Defining the genetic boundaries of breeds

In PCA and Bayesian genotypic clustering, data can be examined at a number of dimensions, where populations may separate to form their own independent genetic unit with each increase in principal component or value of K. This likely indicates distinctive multilocus genetic combinations for these particular populations (Rosenberg et al., 2001). In both PCA and BAPS, the Large White was the first British breed to form a distinct cluster, with the other commercial breeds following with increasing dimensions.

Some credible genetic grouping of breed pairs was observed. The first was a clustering of the British Lop breed with the British Landrace lines, a breed of European origin. Megens et al. (2008) showed, using phylogenetic reconstruction, a genetic affinity of British Lop with other European pig breeds. This suggests that British Lop may either be a breed of European origin or has experienced substantial genetic introgression from British Landrace (Hall and Clutton-Brock, 1988). The second was the pairing of Berkshire and Gloucestershire Old Spots breeds. These observations were consistent across all the statistical approaches (Figures 2a, 3a and b and 4; Table 2). In a third case, some of the methods revealed that the British Saddleback breed shared a genetic affinity with the Berkshire-Gloucestershire Old Spots grouping. STRUCTURAMA clustered the breed with Gloucestershire Old Spots and STRUCTURE placed British Saddleback with the Berkshire-Gloucestershire Old Spots cluster in the majority of the replicates for low K values. In addition, the three breeds shared an internal branch on the phylogenetic topology (Figure 4). The observed genetic similarities between these pig breeds are supported by historical information. First, the three breeds are indigenous to Great Britain and share a common geographic origin: the counties of the south of England (Porter, 1993; BPA, 2002). Second, the Berkshire was once a popular and prevalent pig used to improve other breeds (Porter, 1993; BPA, 2002). Historic genetic introgression of the Berkshire could have augmented or maintained the genetic affinities between these indigenous breeds.

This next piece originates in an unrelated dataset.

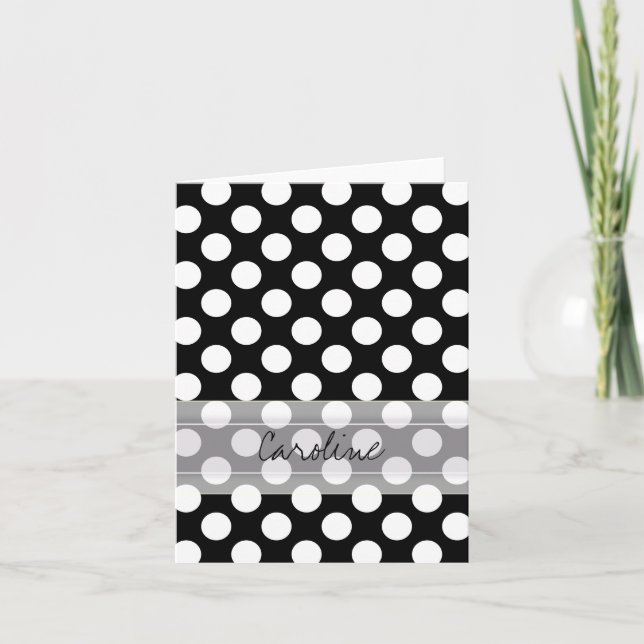 Monogram Black White Trendy Fun Polka Dot Pattern (Vorderseite)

Beyond pairs of breeds, the genetic structure among the British pig breeds could not be discerned (Figure 4). There are likely to be a limited number of microsatellite loci that differentiate individuals between the breeds. This is reflected by low bootstrap support for relationships between the breeds, a star-shaped topology and the short internal branches that separate individuals from those of other breeds. The lack of a robust and coherent evolutionary tree has also been seen for a larger group of European pig breeds (SanCristobal et al., 2006; Megens et al., 2008). One common assumption in tree-building methods is bifurcation, which is likely to be violated in livestock as breeds most likely did not follow a strict dichotomous development (Rosenberg et al., 2001). Cross-breeding during the history of these breeds could lead to smaller estimated distances between populations and lower bootstrap support (Eding and Bennewitz, 2007). The inconsistent clustering solutions between replicate runs found using STRUCTURE, as have previously been reported in chicken (Rosenberg et al., 2001) and cattle breeds (Li et al., 2007), could reflect the same phenomenon. Historical cross-breeding for improvement may have created a genetic structure such that the individuals of the British pig breeds are genetically similar, leading to multiple possible clustering solutions.

Conclusions

In this paper we compared the performance of three Bayesian genotypic clustering methods, PCA and phylogenetic reconstruction for inferring population structure in a livestock breed. Except for PCA, which was only able to separate breeds into related groups and could not identify the individual breeds, the methods were similarly effective in delineating breeds and assigning individuals to breed of origin. However, there were incongruent results between the different Bayesian genotypic clustering techniques with respect to the determination of K, clustering solutions and the detection of substructure within breeds. Of the Bayesian clustering methods, BAPS detected finer genetic differentiation within the breeds with known substructure.